Please repeat the data in full, character for character.

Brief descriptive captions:
↓↓↓

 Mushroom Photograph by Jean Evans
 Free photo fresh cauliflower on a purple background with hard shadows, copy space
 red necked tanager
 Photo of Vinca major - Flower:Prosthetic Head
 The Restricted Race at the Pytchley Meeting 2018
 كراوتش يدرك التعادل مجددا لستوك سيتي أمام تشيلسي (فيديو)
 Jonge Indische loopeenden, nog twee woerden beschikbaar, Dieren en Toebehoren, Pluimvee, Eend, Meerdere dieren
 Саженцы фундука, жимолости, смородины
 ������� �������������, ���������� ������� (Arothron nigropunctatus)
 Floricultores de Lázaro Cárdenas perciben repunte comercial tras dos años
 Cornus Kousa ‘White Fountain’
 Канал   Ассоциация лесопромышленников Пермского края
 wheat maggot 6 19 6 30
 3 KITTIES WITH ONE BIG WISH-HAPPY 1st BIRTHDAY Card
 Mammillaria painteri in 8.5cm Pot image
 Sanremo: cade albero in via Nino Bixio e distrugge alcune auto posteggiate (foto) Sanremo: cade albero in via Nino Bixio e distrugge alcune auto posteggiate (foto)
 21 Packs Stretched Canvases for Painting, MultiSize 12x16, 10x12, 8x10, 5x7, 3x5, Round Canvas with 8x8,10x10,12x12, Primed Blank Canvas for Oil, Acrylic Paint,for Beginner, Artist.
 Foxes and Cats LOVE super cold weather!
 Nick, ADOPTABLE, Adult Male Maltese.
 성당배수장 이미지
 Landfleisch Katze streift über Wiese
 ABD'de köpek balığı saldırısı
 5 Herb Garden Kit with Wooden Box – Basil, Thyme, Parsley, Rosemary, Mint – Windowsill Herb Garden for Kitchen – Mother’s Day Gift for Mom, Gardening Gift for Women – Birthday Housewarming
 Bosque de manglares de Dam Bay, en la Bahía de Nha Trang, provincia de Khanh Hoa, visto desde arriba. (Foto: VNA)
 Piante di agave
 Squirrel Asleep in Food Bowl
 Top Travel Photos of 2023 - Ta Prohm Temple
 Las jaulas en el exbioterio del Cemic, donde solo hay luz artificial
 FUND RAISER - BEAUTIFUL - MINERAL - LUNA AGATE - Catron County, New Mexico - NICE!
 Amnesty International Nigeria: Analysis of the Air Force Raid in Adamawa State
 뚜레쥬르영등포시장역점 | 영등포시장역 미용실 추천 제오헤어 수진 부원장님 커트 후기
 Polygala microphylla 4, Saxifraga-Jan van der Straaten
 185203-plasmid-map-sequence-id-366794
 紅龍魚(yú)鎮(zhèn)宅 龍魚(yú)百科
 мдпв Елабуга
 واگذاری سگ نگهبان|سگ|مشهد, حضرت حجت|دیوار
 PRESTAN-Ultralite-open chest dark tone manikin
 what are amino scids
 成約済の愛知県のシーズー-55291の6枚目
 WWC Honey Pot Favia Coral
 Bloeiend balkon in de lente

↑↑↑

▶ [RESPONSE FOR THIS EXERCISE]
 Mushroom Photograph by Jean Evans
 Free photo fresh cauliflower on a purple background with hard shadows, copy space
 red necked tanager
 Photo of Vinca major - Flower:Prosthetic Head
 The Restricted Race at the Pytchley Meeting 2018
 كراوتش يدرك التعادل مجددا لستوك سيتي أمام تشيلسي (فيديو)
 Jonge Indische loopeenden, nog twee woerden beschikbaar, Dieren en Toebehoren, Pluimvee, Eend, Meerdere dieren
 Саженцы фундука, жимолости, смородины
 ������� �������������, ���������� ������� (Arothron nigropunctatus)
 Floricultores de Lázaro Cárdenas perciben repunte comercial tras dos años
 Cornus Kousa ‘White Fountain’
 Канал   Ассоциация лесопромышленников Пермского края
 wheat maggot 6 19 6 30
 3 KITTIES WITH ONE BIG WISH-HAPPY 1st BIRTHDAY Card
 Mammillaria painteri in 8.5cm Pot image
 Sanremo: cade albero in via Nino Bixio e distrugge alcune auto posteggiate (foto) Sanremo: cade albero in via Nino Bixio e distrugge alcune auto posteggiate (foto)
 21 Packs Stretched Canvases for Painting, MultiSize 12x16, 10x12, 8x10, 5x7, 3x5, Round Canvas with 8x8,10x10,12x12, Primed Blank Canvas for Oil, Acrylic Paint,for Beginner, Artist.
 Foxes and Cats LOVE super cold weather!
 Nick, ADOPTABLE, Adult Male Maltese.
 성당배수장 이미지
 Landfleisch Katze streift über Wiese
 ABD'de köpek balığı saldırısı
 5 Herb Garden Kit with Wooden Box – Basil, Thyme, Parsley, Rosemary, Mint – Windowsill Herb Garden for Kitchen – Mother’s Day Gift for Mom, Gardening Gift for Women – Birthday Housewarming
 Bosque de manglares de Dam Bay, en la Bahía de Nha Trang, provincia de Khanh Hoa, visto desde arriba. (Foto: VNA)
 Piante di agave
 Squirrel Asleep in Food Bowl
 Top Travel Photos of 2023 - Ta Prohm Temple
 Las jaulas en el exbioterio del Cemic, donde solo hay luz artificial
 FUND RAISER - BEAUTIFUL - MINERAL - LUNA AGATE - Catron County, New Mexico - NICE!
 Amnesty International Nigeria: Analysis of the Air Force Raid in Adamawa State
 뚜레쥬르영등포시장역점 | 영등포시장역 미용실 추천 제오헤어 수진 부원장님 커트 후기
 Polygala microphylla 4, Saxifraga-Jan van der Straaten
 185203-plasmid-map-sequence-id-366794
 紅龍魚(yú)鎮(zhèn)宅 龍魚(yú)百科
 мдпв Елабуга
 واگذاری سگ نگهبان|سگ|مشهد, حضرت حجت|دیوار
 PRESTAN-Ultralite-open chest dark tone manikin
 what are amino scids
 成約済の愛知県のシーズー-55291の6枚目
 WWC Honey Pot Favia Coral
 Bloeiend balkon in de lente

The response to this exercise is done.